As soon as I read this month's Daring Cooks' Challenge to Mr Leaven, he began listing all the potato salads we would have to try. He was chomping at the bit to chop up those potatoes and toss them with just about anything he could think of. It's funny, because I wasn't feeling quite so inspired. I don't think I've ever eaten a potato salad, partly because most of them are dripping with mayonnaise, which isn't my favorite. Just as importantly, that mayo is very good at hiding whatever other dangers may be lurking in the potato salad - raw onion? yecch. celery? no thank you. raisins? heaven forbid! That's when I started to get excited myself about the prospect of making my very own potato salad, with whatever the heck I wanted to put in it. Plus, homemade mayonnaise that doesn't have that right-off-the-shelf taste! Or I could make a vinegar-based potato salad, with no mayo at all!

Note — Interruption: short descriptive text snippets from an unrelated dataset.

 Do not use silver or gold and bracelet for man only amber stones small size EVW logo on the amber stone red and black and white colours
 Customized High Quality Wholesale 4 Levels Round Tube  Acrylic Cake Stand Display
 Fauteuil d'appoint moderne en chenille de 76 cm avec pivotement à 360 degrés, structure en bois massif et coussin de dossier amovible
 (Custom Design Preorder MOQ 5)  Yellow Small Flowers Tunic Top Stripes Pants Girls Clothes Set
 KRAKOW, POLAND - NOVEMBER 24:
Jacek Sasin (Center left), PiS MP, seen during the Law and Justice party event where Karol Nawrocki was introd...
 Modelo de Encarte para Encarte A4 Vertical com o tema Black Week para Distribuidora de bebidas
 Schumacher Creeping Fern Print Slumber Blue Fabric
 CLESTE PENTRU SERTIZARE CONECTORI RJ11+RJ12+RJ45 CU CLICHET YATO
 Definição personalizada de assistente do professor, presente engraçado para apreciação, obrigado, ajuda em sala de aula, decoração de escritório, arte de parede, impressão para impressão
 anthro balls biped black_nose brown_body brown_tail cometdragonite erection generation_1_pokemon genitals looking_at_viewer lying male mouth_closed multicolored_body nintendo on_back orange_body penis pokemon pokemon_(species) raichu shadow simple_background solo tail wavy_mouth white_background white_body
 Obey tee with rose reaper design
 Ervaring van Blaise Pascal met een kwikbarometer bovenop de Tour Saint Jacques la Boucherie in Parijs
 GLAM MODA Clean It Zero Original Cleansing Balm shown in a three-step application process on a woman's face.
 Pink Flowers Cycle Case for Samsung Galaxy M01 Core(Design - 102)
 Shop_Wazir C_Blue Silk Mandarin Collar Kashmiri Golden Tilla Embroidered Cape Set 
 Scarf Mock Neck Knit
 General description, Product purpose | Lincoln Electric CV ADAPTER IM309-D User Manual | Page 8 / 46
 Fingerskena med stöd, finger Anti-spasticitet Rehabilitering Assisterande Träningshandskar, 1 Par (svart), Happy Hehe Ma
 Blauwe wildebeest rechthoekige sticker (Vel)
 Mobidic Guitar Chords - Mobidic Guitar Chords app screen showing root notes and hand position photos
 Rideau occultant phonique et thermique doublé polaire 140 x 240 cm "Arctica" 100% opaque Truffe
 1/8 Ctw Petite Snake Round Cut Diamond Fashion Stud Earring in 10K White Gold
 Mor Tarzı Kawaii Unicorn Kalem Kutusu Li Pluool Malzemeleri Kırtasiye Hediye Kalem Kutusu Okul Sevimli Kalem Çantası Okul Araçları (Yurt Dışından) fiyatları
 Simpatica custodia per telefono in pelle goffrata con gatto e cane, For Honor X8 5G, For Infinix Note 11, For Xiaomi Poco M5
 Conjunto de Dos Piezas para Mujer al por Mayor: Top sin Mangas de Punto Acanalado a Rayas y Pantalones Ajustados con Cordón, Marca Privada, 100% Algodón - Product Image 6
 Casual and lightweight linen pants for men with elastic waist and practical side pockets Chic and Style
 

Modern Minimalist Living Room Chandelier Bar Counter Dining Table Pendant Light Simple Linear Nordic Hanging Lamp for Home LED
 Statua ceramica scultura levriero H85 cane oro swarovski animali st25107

So we pulled out our potatoes and got to work. This month, we've prepared 2 vinegar-based warm potato salads, 2 mayo-based cold potato salads, and 2 versions of patatas bravas (potatoes with aioli or other sauce, so I think it counts!).

Now, life's been a little hectic recently, and I have been lax (no surprises here) in annotating the recipes I used or made up. I do know the source for the vinegar-based potato salads, which was a recipe that the amazing Audax Artifex posted in the Daring Cooks' forum. I am a sucker for anything with sweet and tangy elements, and the first potato salad I was considering was pretty similar to this recipe. I'm posting the recipe with the modifications I made. I really wanted to roast the potatoes for my attempts, as I thought that would bring out more flavor. I think that worked well in this recipe. The first time I added some very crispy onions we'd fried up from the spring onions in our backyard. The second time I added homemade bacon bits we keep on reserve in the fridge. Each was good. Both would be better.

Fruity Potato Salad
3 lbs new potatoes, scrubbed and cubed
Other vegetables, like beets or zucchini or carrots, cubed {optional}
1/4 cup finely chopped mint
1/4 cup finely chopped chives
2½ tablespoons fruit preserve (I used dewberry compote the first time and grape jam the second)
2½ tablespoons balsamic vinegar
2½ tablespoons olive oil plus more for drizzling
1/4 teaspoon sea salt crystals OR 1/4 teaspoon coarse Kosher salt
1/2 Tbsp bacon bits (optional)
1 Tbsp crispy onions (optional)
Preheat the oven to 450F.

Spread the potato cubes and other veggies, if using, in a roasting pan and drizzle with olive oil. Roast for 30-40 minutes or until fork-tender. Set aside and keep hot.

In a small bowl mix the fruit preserve and the balsamic vinegar, then slowly add the olive oil while whisking vigorously until combined (or use a blender if desired). Check for the balance of sweet/sour and add a little more conserve or vinegar as needed.

Add the dressing to the potatoes to coat gently. Wait for the dressing to be absorbed and cool.

Add the chopped herbs and bacon bits, sprinkle with the salt crystals and serve.

ooh, that really doesn't look so beautiful. and it looks astonishingly like a fruit salad, not potatoes-beets-summer squash, right? A fruity potato salad, you might even say!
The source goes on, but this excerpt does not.